I found this on the internet and loved what the author writes about this so thought I would share with you. :o)

If your husband is supporting you and your children on his own, he is not a “beta” male, no matter how much in manner or domestic decision-making you may feel he resembles one. When you are in the process of making a decision, do you ask for his help? If so, does he decline to help?
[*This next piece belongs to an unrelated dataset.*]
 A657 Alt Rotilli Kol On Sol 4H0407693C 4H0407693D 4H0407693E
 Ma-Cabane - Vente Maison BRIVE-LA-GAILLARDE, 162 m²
He may actually be leaving these things up to you out of deference, a desire not to tread on your turf, and he may not sense that you want help. I wouldn’t ask him to be generally more involved in decisions, but take each one as it happens and request his input. We all would like our spouses to intuitively grasp what we want, but that often doesn’t happen. If he is leaving discipline of your children entirely up to you, I would suggest the same thing. Let him know you are struggling or overwhelmed in the face of some problem. A wife generally knows what children need better than a working husband. You may have to let him know more than once, especially if he is busy. Be patient with this and be confident that he will eventually help. The sort of “alpha male” you envision is partly the creation of the love and tenderness of a wife, who lets a man know where he is needed.

Many women make the important decisions about home and children. Think of the husband as delegating this reponsibility to the wife. A submissive role does not mean a woman has no authority of her own. In all probability, your husband is too busy to think of these things and trusts your judgment. So you are being submissive to him in taking on these responsibilities. I realize all these decisions can be burdensome. If you are tired of always being in charge, you might say to your husband, in a moment when he himself is not preoccupied and burdened, that you often question your own decisions and feel the stress of keeping things in order.  Try not to second-guess yourself. You are not perfect and are going to make some wrong choices. Don’t judge yourself harshly if you make a bad decision. You are trying and that is what matters.

Try to resist at all costs adding up what you are doing against what he is doing. Don’t keep a balance sheet. Whenever you feel this inclination coming on, fight it. A marriage counselor I once met at a social gathering told me that there are three phases to every marriage: 1) Infatuation 2) Power struggle 3) Mature love. Here we see what’s wrong with marriage therapy. At no point should a marriage be a power struggle. To view it that way is to pervert it. She seemed to be saying this was a perfectly normal and inevitable part of marriage.

A submissive wife is someone who does not rule a husband with her moods and emotions and who devotes herself to making a man’s life better. Male authority is loving oversight and resolve, a form of detachment from the hothouse of conflict that family life often resembles. When we talk about submission and authority in marriage, we are referring to something entirely different from roles in other spheres of life. It’s not the same thing as an employer/employee relationship. It always occurs in the context of love.

In general, a woman who wants a man to be more masculine must let him see her vulnerability and weakness. If she appears always in charge and in no need of his competence, he may withdraw from the field of action. I’m not suggesting a woman feign helplessness, but that she should let him see and help him understand her inadequacies. Most men want to protect the people they love. Typically, a man will respond to a plea for help out of this natural instinct provided that the plea is not part of an attack on his character or on his past actions. A submissive wife who demands a man be in control or who criticizes him for not being in control is not a submissive wife at all.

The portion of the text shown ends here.